Ça commence tout simplement, par une femme qui va faire sa lessive. Elle emmène son bébé avec elle, en profite pour téléphoner, fait beaucoup de choses à la fois, s'emporte au téléphone pour des broutilles. La routine, en fin de compte. Le bébé pleure, et soudain, le vide. Un silence. Pas de grand fracas, de tonnerre, juste un silence, et le vide dans le siège auto du bébé. Et le chaos qui s'ensuit.
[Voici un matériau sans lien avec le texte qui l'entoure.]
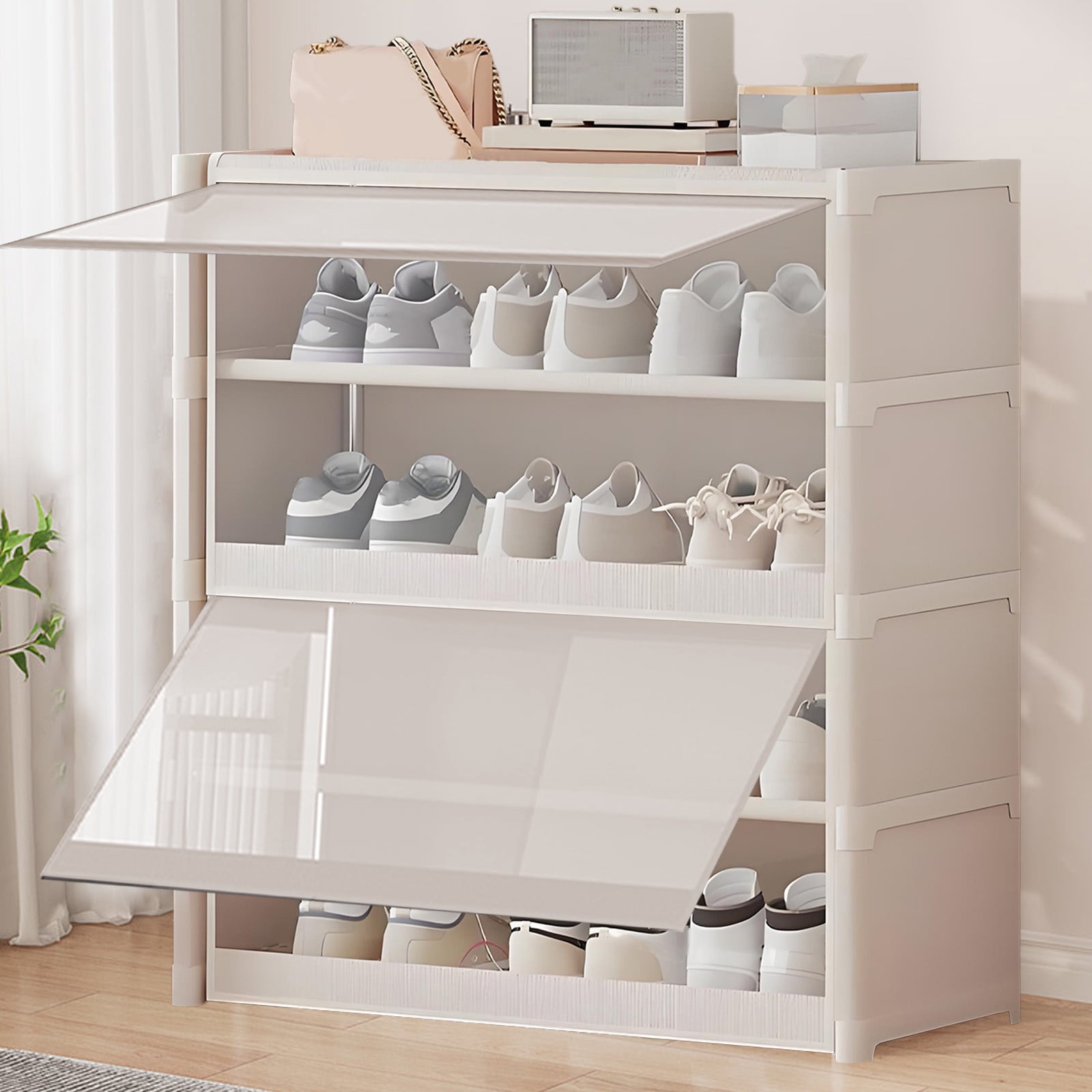 Ycandiee Shoe Cabinet, 4 Tier, shoe Storage, vertical Shoe Rack For Small Spaces, Tall Narrow Shoe Cabinet Organizer For Closet Entryway, free Stacking, Free Design To Save Space Shoe Shelf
Puis à nouveau, la routine. Nous sommes un an plus tard. Un homme fait son jogging, nous apprenons la disparition de 2% de la population, rien n'a donc changé ? C'est cette question qui hantera l'histoire de "The Leftovers". Si peu a changé, et pourtant chez presque tous, tout a changé. Certains chercheront à l'oublier, d'autres à le rappeler durement. Mais tous ont été marqués, qu'ils tentent de la cacher ou non.

Damon Lindelof, qui accompagne Tom Perrotta pour adapter le roman de ce dernier, signe ici encore une fois une écriture riche en rebondissements et en mystères, de plus en plus importants, avec des évènements et personnages qui se nouent et se dénouent au fil des épisodes.
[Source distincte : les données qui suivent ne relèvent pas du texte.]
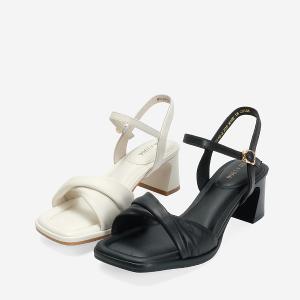 Ben&1966 高級羊皮氣質扭結高跟涼鞋-黑(246671)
Chacun de ces chapitres suit un des protagonistes, que l'on accompagne dans son combat quotidien jusqu'à comprendre en quoi il est connecté à l'intrigue principale. Lorsque ce lien se fait, de manière parfois surprenante, on se demande, comme eux, si ce qui leur arrive est le fruit d'un hasard absurde ou si cela fait partie du plan d'un Dieu ou du destin.
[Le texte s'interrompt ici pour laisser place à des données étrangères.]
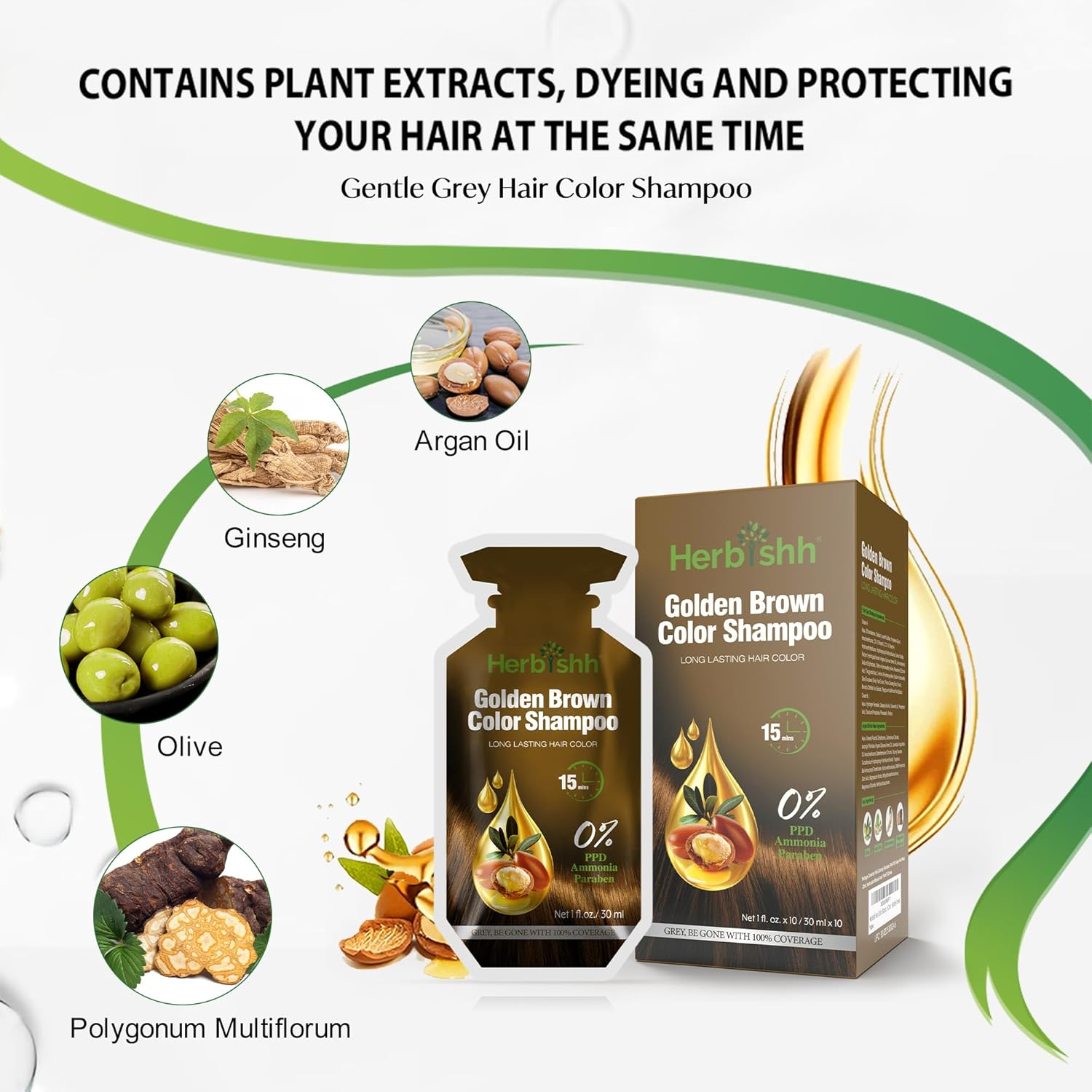 Herbishh Hair Color Shampoo 10 Sachet +1 Argan Hair Mask Pouch | 3 in 1 Hair Dye | PPD Free | Easy to Use | Gray Coverage | Travel Size | Available in 6 Colors | Long Lasting Hair Color | (Golden Brown) image number 2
Le centre de "The Leftovers", c'est bien entendu son personnage principal, incarné, les sourcils froncés, par Justin Theroux, dont l'interprétation très taciturne nous émeut lors de ses rares explosions, qui ponctuent la trajectoire du bonhomme. "You should show some vulnerability. People love that shit", lui demande son père. Effectivement, on adore cette merde.
Si ce gaillard est si renfermé, c'est à cause de sa culpabilité qui le ronge, une culpabilité insidieuse, celle d'être quelqu'un de mauvais, comme il l'avoue plus tard.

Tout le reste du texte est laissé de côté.